Subject:      Re: Journal use (Mary Wilke)
 Mary Wilke <wilke@CRLMAIL.UCHICAGO.EDU> makes some good points:

[snip]

>  But let us
> not forget that there are still many places even here in the United States
> which do not have access to enough equipment if they have it at all.  (And
> please don't say that all the places which *really* need the access
> already have the access.)

Many local telephone lines barely support 2400 baud communications much
less offer the high capacity needed for the Internet. Many institutions
and many researchers don't have the hardware, even in the relatively
prosperous United States, to participate. Most science research, by the
way, is authored outside the United States often using old-fashioned
equipment.

> Who will be the source for document delivery?  So maybe not all libraries
> cancel their print subscription, but only the majority of them.
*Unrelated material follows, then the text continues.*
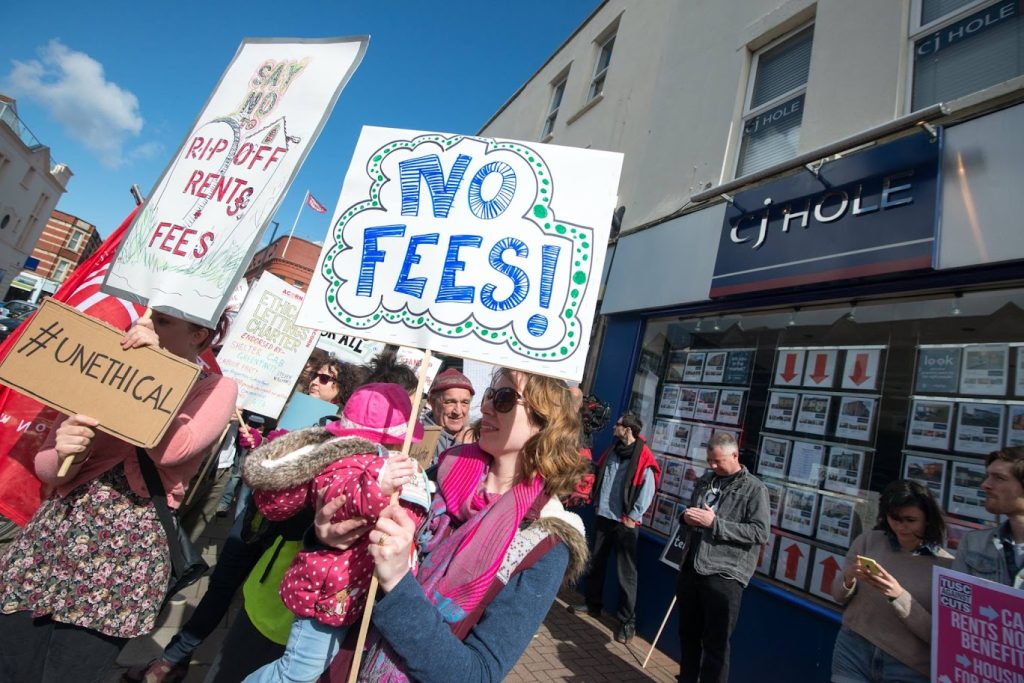 Protestors holding up signs that say "No Fees!", "Say no to rip off rents + fees" and "#unethical".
In 1992, Association of Research Libraries published projections
indicating that if the present decline in acquisitions continued their
members would purchase no more books and journals by the year 2017. Today
these libraries are a major source for interlibrary loans and document
delivery. What will they be in 20 years? Document delivery is clearly
doomed unless some policy is put in place to conserve the quality of major
collections.

>  But even when institutions accept electronic publication,
>  there is the problem of storing this form. It seems to me that because
>  electronic communication doesn't take up shelf space, people forget that
>  space is needed to store or archive e-journals, computer space. The
>  archives of NASIG recently had to be moved from the original space on the
>  American Mathematical Society's computers. NASIG's Electronic
>  Communications Committee managed the move within the time AMS allotted,
>  but this incident should give one pause. Long term storage of e-journals
>  and other electronic communication cannot be taken for granted even when
>  it is a university which is supported the archives. Universities missions,
>  goals, and priorities will change through time. One should not believe
>  that a university will always want to finance electronic archives for an
>  area of study which their institution may no longer support.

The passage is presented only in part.